WHAT TO DO => Nothing but the lines from the one containing "MLB Dave Parker Pittsburgh Pirates 39 Jersey" through the last line of the material should appear in the answer, transcribed exactly, pictures excluded.

RECORDED DATA =>

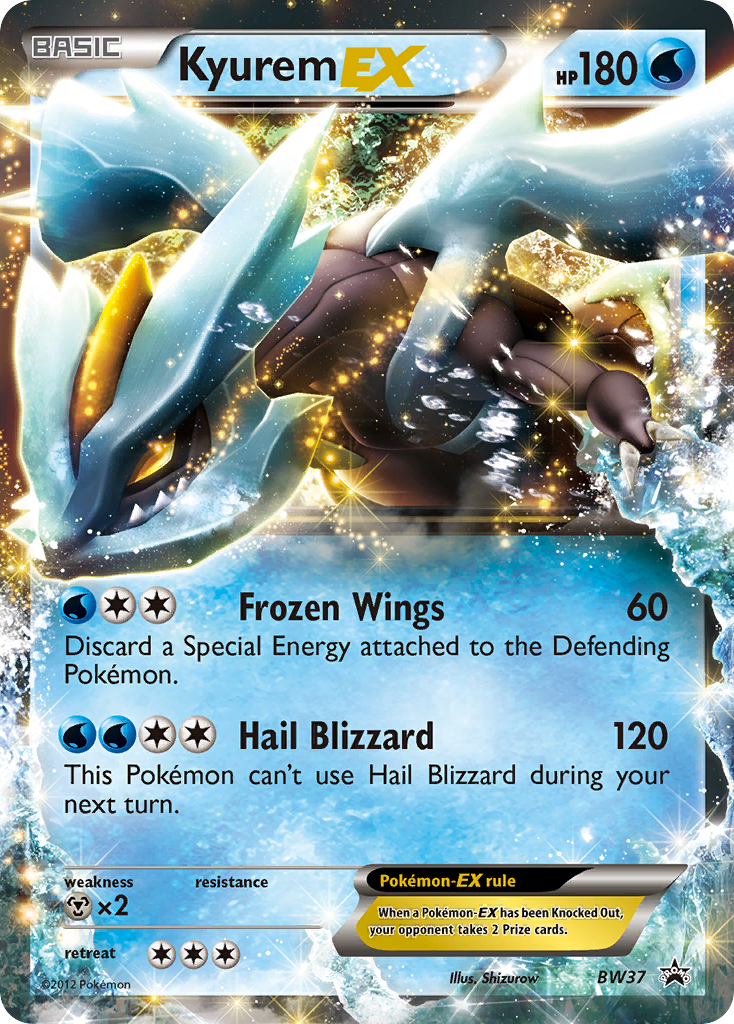 Kyurem EX (BW37) [Black & White: Black Star Promos] | Game Master's Emporium (The New GME)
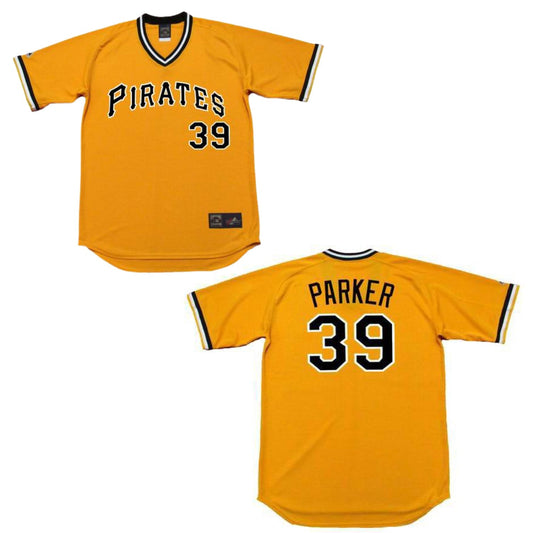 MLB Dave Parker Pittsburgh Pirates 39 Jersey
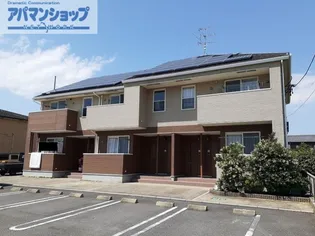 プリムローズB【2階】の外観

ANSWER SPACE =>
 MLB Dave Parker Pittsburgh Pirates 39 Jersey
 プリムローズB【2階】の外観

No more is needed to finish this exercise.